As we parted ways, my friendly bar tender let me in on two little secrets: although her minimum wage is just US$3.23 per hour, with tips she often makes more than US$40 an hour. And she works all the hours she can because she’s realised the harder she works, the easier it is to get ahead and make a good life for her and her son.
In an ideal world- in the kind of Australia I’d like to see – we’d find a way to fuse Lynda’s passion to succeed with a clear and easily-understood set of minimum employment entitlements which protect all workers. Then, at last, we could finally part ways with the union-dominated and ridiculously-complex employment laws which continue to prevent every one of us – business and employee alike - from reaching our full potential.

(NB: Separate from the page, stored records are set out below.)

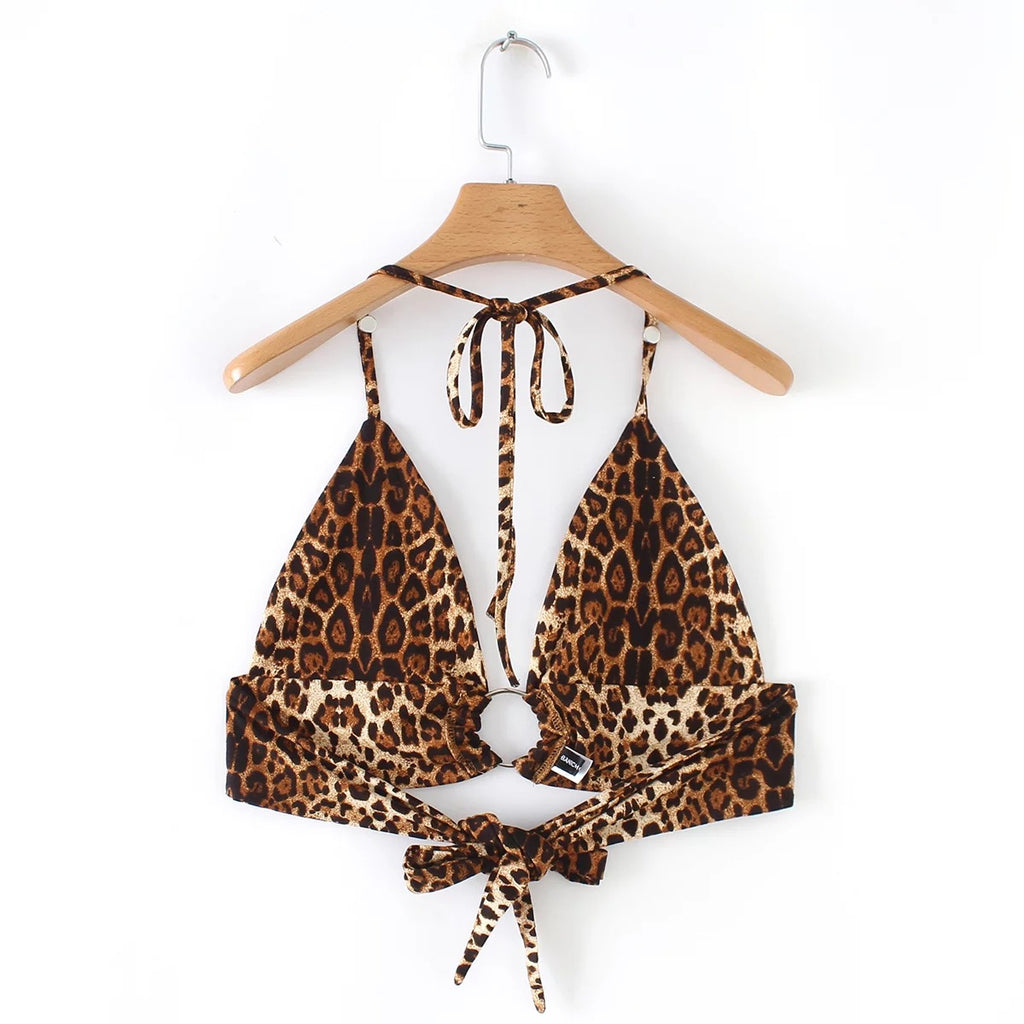 Leopard Print Crop Top Bikini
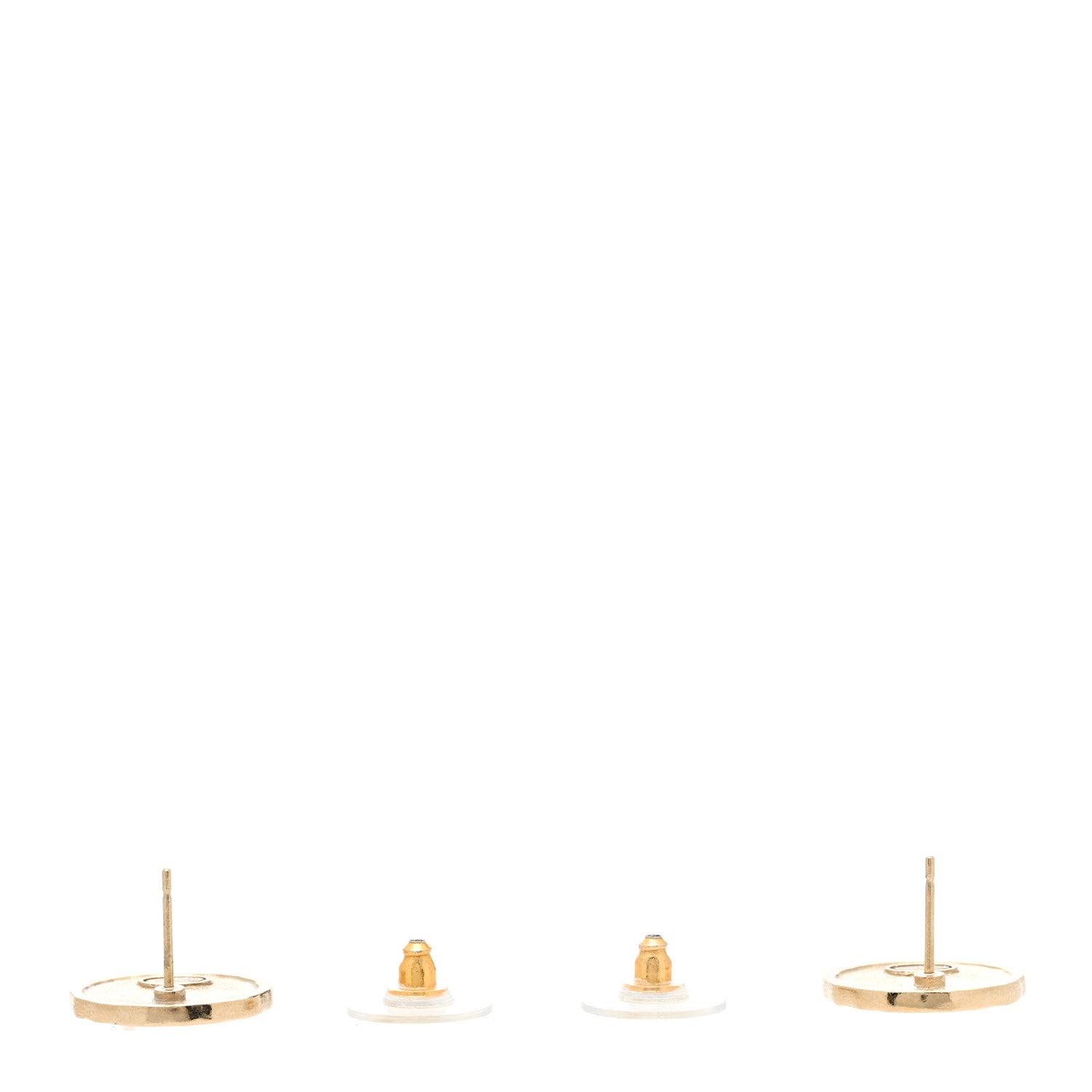 Chanel Metal I Love CC Round Earrings Gold 3 of 4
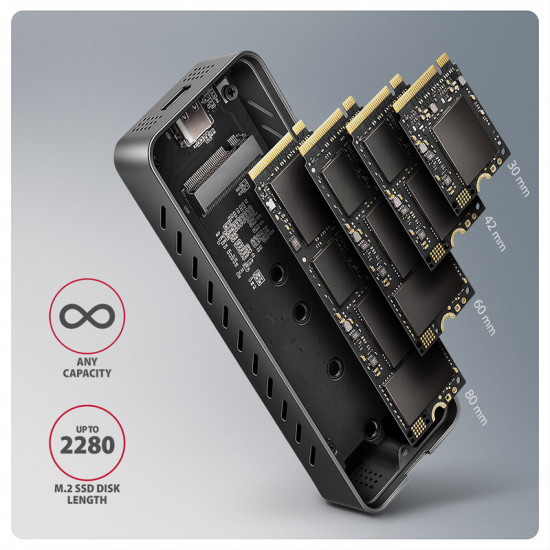 Зовнішня кишеня Axagon NVMe M.2 2242/2260/2280 USB Type-C 3.2 Black (EEM2-20G)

Wednesday, October 26, 2016
By David Bates
No other developed country on Earth has an industrial relations system as complex as our own. Overseas-based employers regularly gape in disbelief when I explain our system of modern wards, national employment standards, unfair dismissal provisions and enterprise agreement-making processes.
Imagine their complete inability to comprehend the lack of will on either side of politics to make any meaningful changes to this extraordinary mess. And imagine how quickly they decide not to invest in Australia once they realise the extraordinary and disproportionate power wielded by this country’s unions.
Now, if you think I’m exaggerating the complexity of our nation’s employment laws, here are some examples which should put my assertion beyond doubt.
Imagine you run a salon and would like to engage a casual just for one or two hours each afternoon. A high school student responds to your ad telling you they’re keen to gain some work experience before they leave school. A classic win-win right? Wrong.
Because under the Hair and Beauty Industry Award, it’s unlawful for you to engage a casual for fewer than three hours’ at a time. Apparently, the Government and the relevant union (the SDA) know how to run your business better than you do.
Now imagine you’ve decided to introduce an enterprise agreement to finally free yourself from the seemingly endless constraints imposed by your modern award. You follow the entire process from start to finish – investing considerable time and effort - and your employees unanimously vote in favour of the new Agreement.
The only problem is that when you initiated the bargaining process, you inserted the wrong phone number on the ‘Notice of Employee Representational Rights’. Thanks to a stream of decisions handed down by the Fair Work Commission, you’ll soon discover this means your Agreement will be rejected and you’ll have to start the entire process again … from scratch. Who loses out because of this bizarre but incredibly common situation? Everyone.
And right when you think things couldn’t get any worse, you catch an employee stealing money straight from the till. You even have CCTV footage to prove it. So you dismiss them on the spot for serious misconduct. All good, right?
Sadly, no, because the Fair Work Act requires you to provide the employee with an ‘opportunity to respond’ before you confirm their dismissal. Your failure to adhere to this strictly-enforced obligation, despite having caught the thief red-handed, means they’ll now have a strong case for ‘unfair dismissal’.
But don’t worry too much, because you’re likely to then become one of roughly 85% of employers who decides to pay the employee ‘go away’ money to settle the claim during conciliation.
I’m all for a guaranteed safety net of minimum workplace entitlements, but surely we can simplify things a little and treat employers (and their employees) like grown-ups.